We had also plotted the cross-correlation coefficients obtained with the fluctuation of the water table corresponding to the rainfall on the x-axis (Venkatarao et al. 2019) against the percentage of natural groundwater recharge in the monsoon period on the y-axis. A good linear relationship with the coefficient of r = 0.88 had been observed, as shown in Fig. 6d. However, the positive linear relationship between the cross-correlation coefficients compared to the percentage of monsoon groundwater recharge in both the DTB and SST with the correlation coefficients of 0.86, and 0.87, respectively, is obtained and is shown in Fig. 6e, f. It indicates that the estimated natural groundwater recharge was a good agreement with the demarketed groundwater potential and recharge potential zones at the proximity of DTB and SST in Central India.

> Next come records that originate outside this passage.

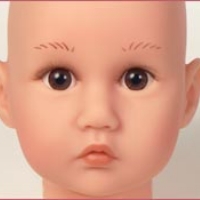 A baby with very long, thin eyebrows.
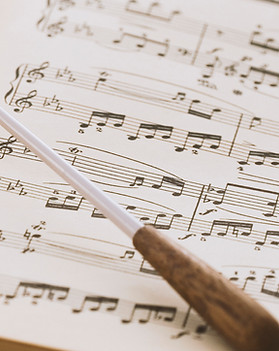 Conductor's baton on sheet music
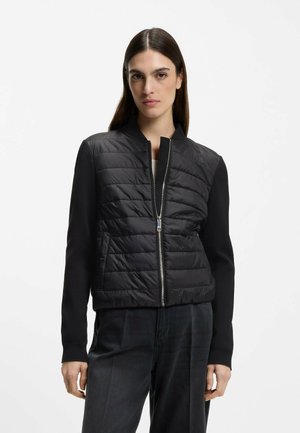 Femme portant une veste matelassée noire à fermeture éclair avec des manches en tricot et un pantalon taille haute foncé, debout devant un fond blanc uni.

Natural groundwater reserve

The natural groundwater reserve was calculated using an entropy-based model at the proximity of DTB and SST in Central India, and it ranged from 62.08 to 98.04 MCM/monsoon rainfall, with an average of 76.22 MCM for the period of 2012–2019 (Fig. 7), which is almost the equivalent value reported by CGWB in the year 2008 (CGWB 2015). The minimum reserve of 62.08 MCM was estimated in the year 2014 and the maximum of 98.04 MCM in the year 2013. It had also found that an average groundwater reserve is more in Gondwana Sandstone with an average of 93.82 MCM than that in the Deccan Trap Basalt area with an average of 71.56 MCM in the Chandrabhaga river basin, Nagpur, Central India.

Fig. 7
figure 7

Natural groundwater reserve in a part of Chandrabhaga watershed, Central India, in the period of 2012–2019

The spatial distribution of natural groundwater reserve for the monsoon period of 2019 had been made available and is also shown in Fig. 8. It had been observed that the natural groundwater reserve varied spatially depending upon the influence factors such as geological, geomorphology, soil, lineaments, and drain pattern of the study area. Its magnitude had nicely collaborated with the groundwater recharge potential zone of the study area (Venkatarao et al. 2019).

Fig. 8
figure 8

Spatial distribution of natural groundwater reserve at the proximity of Deccan Trap Basalt and Gondwana Sandstone in Central India during the monsoon season

Conclusions

Natural groundwater reserve using an entropy-based model has been estimated at the proximity of Deccan Trap Basalt and Gondwana Sandstone formations in Central India. The study reveals that the estimated natural recharge ranged from 1.27 to 31.35% of rainfall, with an average of 19.74% annually. In the SW monsoon, it varies from 6.72 to 32.80%, with an average of 22.89%. The percentage of natural groundwater recharge has positive correlations with the groundwater potential zone (r = 0.88) as well as groundwater recharge zones (r = 0.88) achieved using the RS and GIS techniques and the correlation coefficients among the depth to water level and rainfall, respectively. The calculated natural groundwater reserve varies from 62.08 to 98.04 MCM, with an average of 76.22 MCM during the monsoon period. The reserve is nicely manifested with the recharge prospect zones of the study area, which will help to develop groundwater management practices such as the construction of artificial recharge structures.